I found the best deal at Zappos.com and they shipped the shoes to me overnight. All day at work I checked out the FedEx delivery status site to see if they had arrived. I ran home in joyful anticipation of trying them on and welcoming back that wild spirit part of me that clonks around in boots. Yee-haw.
But something awful happened. I lifted my beautiful pair of boots out of the box, put them on and found I couldn’t pull the shaft of the boot up over my calf. It just got stuck on the last tiny bit of my thickened leg. But that tiny bit was enough to ruin the look (not to mention make me feel like I had been squeezed into a toothpaste tube.) I was completely and utterly and truly sad. I had never, in my wildest dreams imagined that I had become too chunky for cowboy boots.
This sorry fact, more than photos, more than my doctor’s health warnings, was the straw that broke the camel’s back.
My new roommate came up from downstairs and looked at me. “These are my new boots.” I told her trying to hold in my disappointment. “They will stretch. I just need to break them in.” She looked at me with disbelief. “Can’t you just get them in a wider size? They don’t fit” “No…” I moaned. “These are the boots I want and they are like this….Maybe” (I am murmuring now) they will stretch some…”
“Why don’t you just get a different pair–one with zippers?” She just didn’t understand.
I love Zappos.com’s return policy. As long as I don’t wear them outside and they stay in original condition I have 365 days to return them. So I am putting my beloved boots aside for now–I don’t want to stretch them out but I don’t want to send them back. I am not giving up. I am on a mission to lose a little bit of weight.
In all seriousness all it will take is a 1/8 of an inch on my calves and those babies will slide right on.
All day today I was able to smile in the face of all my cravings simply by thinking of thosel luscious brown boots. I walked by Ben & Jerry’s with nary a glance. I ordered a small chai tea with skim milk even though I really really wanted a large one with whole milk and a treat on the side. I turned down a glass of wine with dinner. I feel I am on a roll.

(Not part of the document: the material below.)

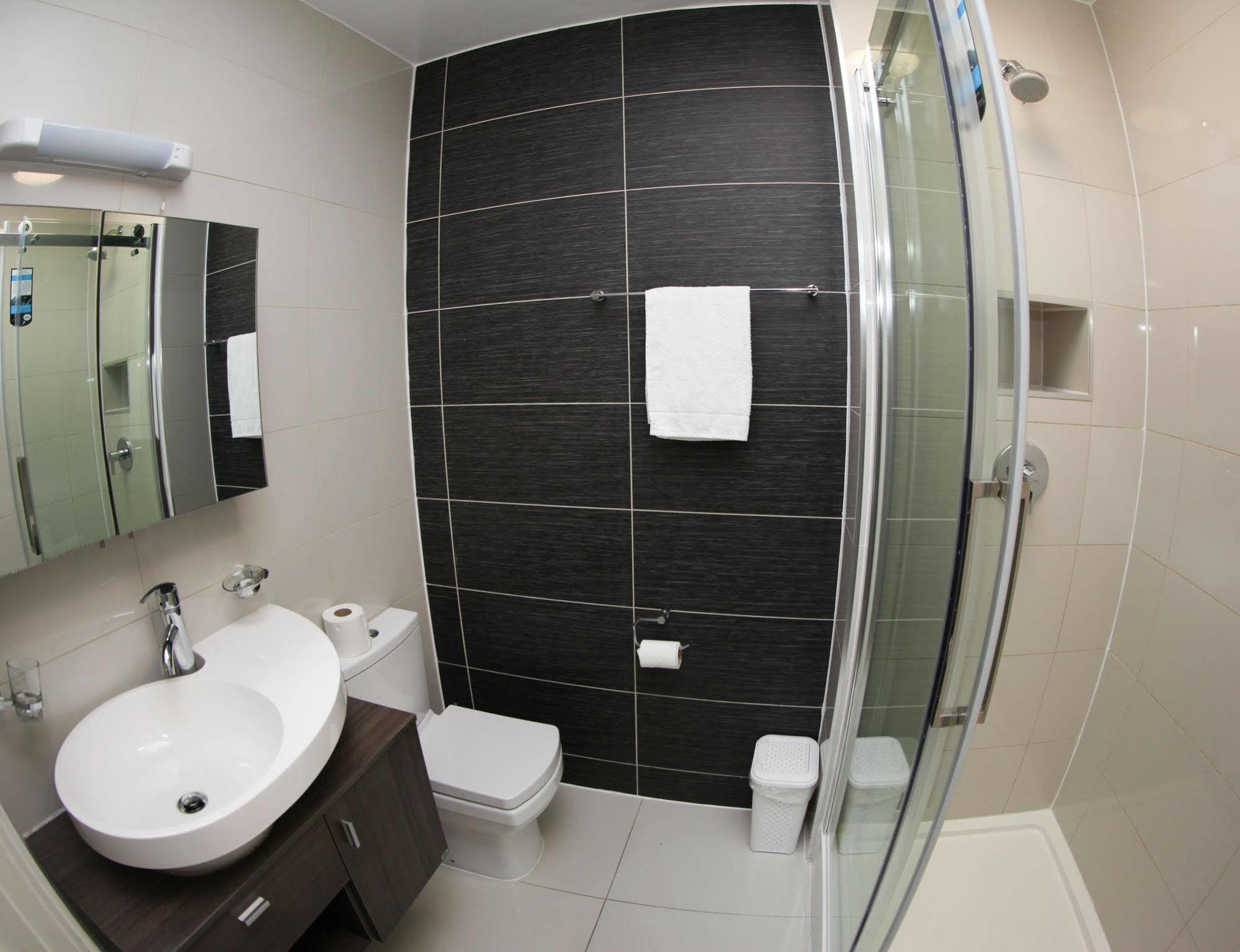 Ascot Hyde Park Hotel 3*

Its all fresh veggies and small portions over here at our house. I am motivated as I have never been before. I figure it will work one of three ways:
1. I quickly lose the tiny bit I need to lose in my calves and then with the momentum of quick rewards I sail through the rest of the year with motivation and come out looking not just like a girl in boots, but a mature curvy cute girl in boots.
2. My calves are the last to lose but the reward of putting them on propels me through a year of healthy eating which finally has its reward.
3. The boots never fit. But after a year of eating well it doesn’t matter to me. I am able to mourn the loss of the dream of the boots and send them back a healthier me.
Its funny what motivates me. These boots may be well worth it, even if I don’t get to wear them a day.